▸ The problem: With the pictures excluded, reproduce all of the data exactly.

▸ The data:
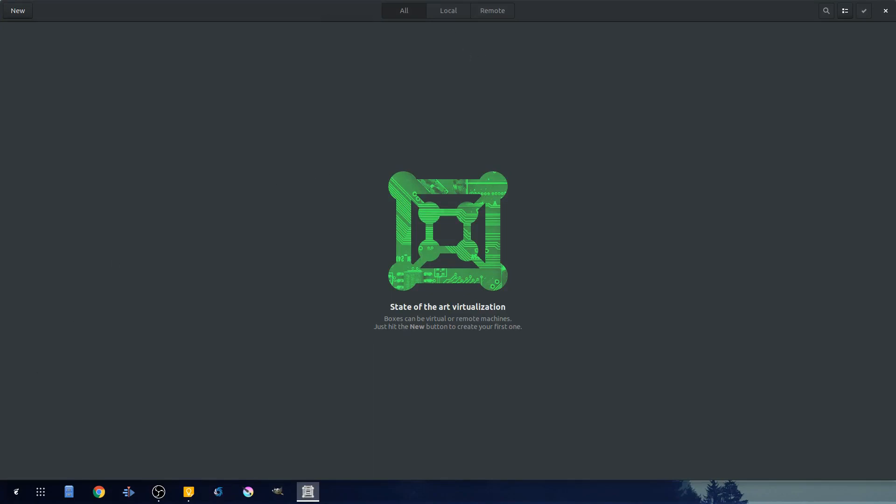So from here we're pretty much set up and ready to go. I really enjoy gnome boxes and I'm looking forward to continuing this series. In the next video I'm going to go over installing Windows 10 using gnome boxes and then other Linux distributions.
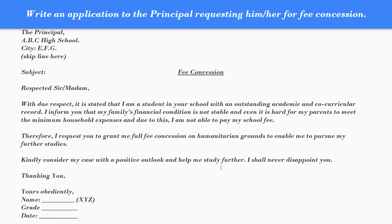Now skip a line after the first paragraph. 'Therefore, I request you to grant me full fee concession on humanitarian grounds to enable me to pursue my further studies.' Before the third paragraph, skip another line. 'Kindly consider my case with a positive outlook and help me study further. I shall never disappoint you.'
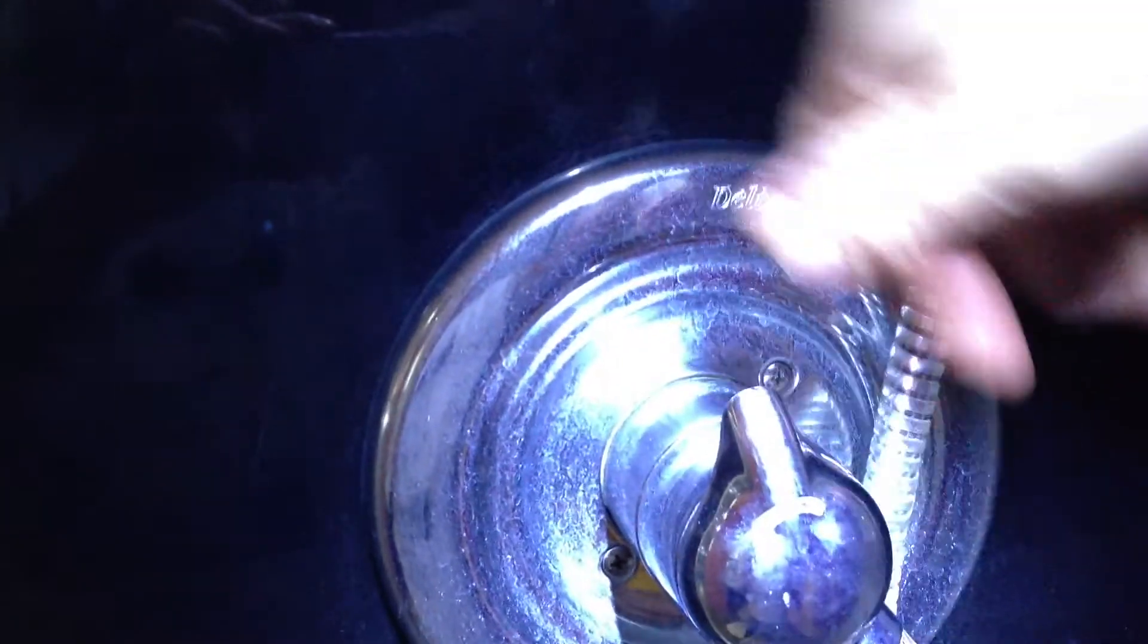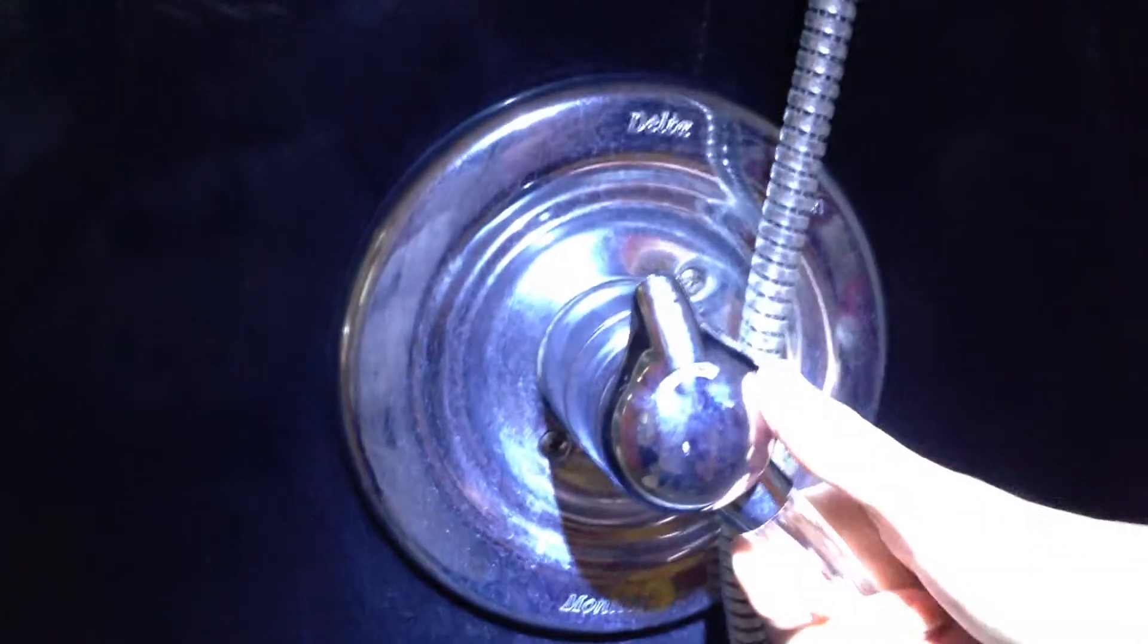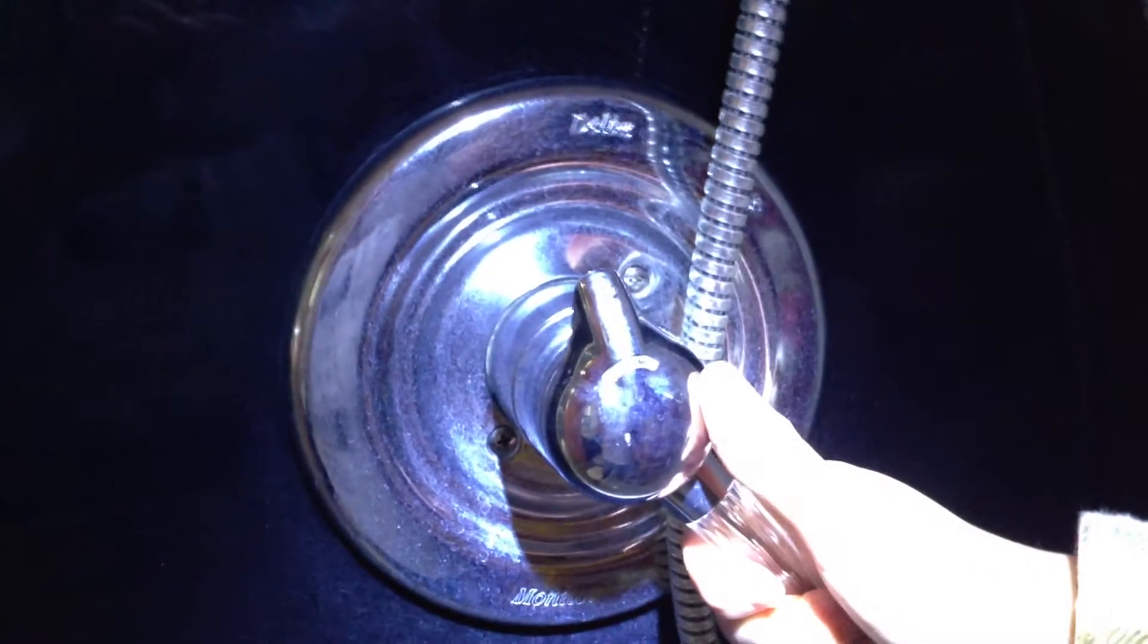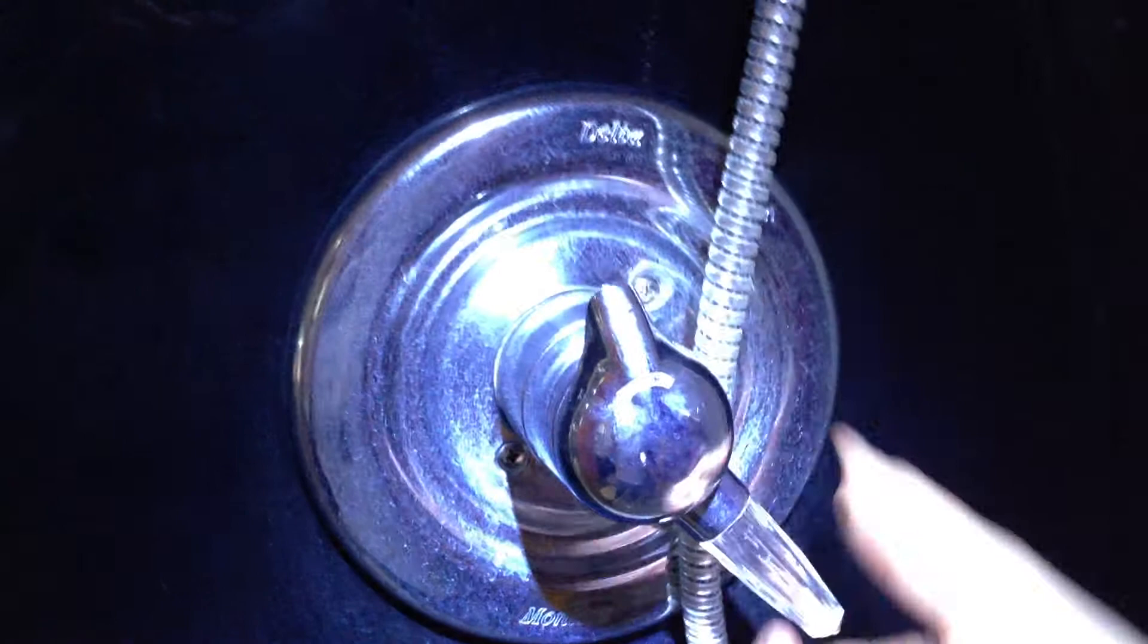This is where you control the water itself. You go up counterclockwise. I will not turn it on so as not to soak us.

▸ Answer for this exercise:
So from here we're pretty much set up and ready to go. I really enjoy gnome boxes and I'm looking forward to continuing this series. In the next video I'm going to go over installing Windows 10 using gnome boxes and then other Linux distributions.
Now skip a line after the first paragraph. 'Therefore, I request you to grant me full fee concession on humanitarian grounds to enable me to pursue my further studies.' Before the third paragraph, skip another line. 'Kindly consider my case with a positive outlook and help me study further. I shall never disappoint you.'
This is where you control the water itself. You go up counterclockwise. I will not turn it on so as not to soak us.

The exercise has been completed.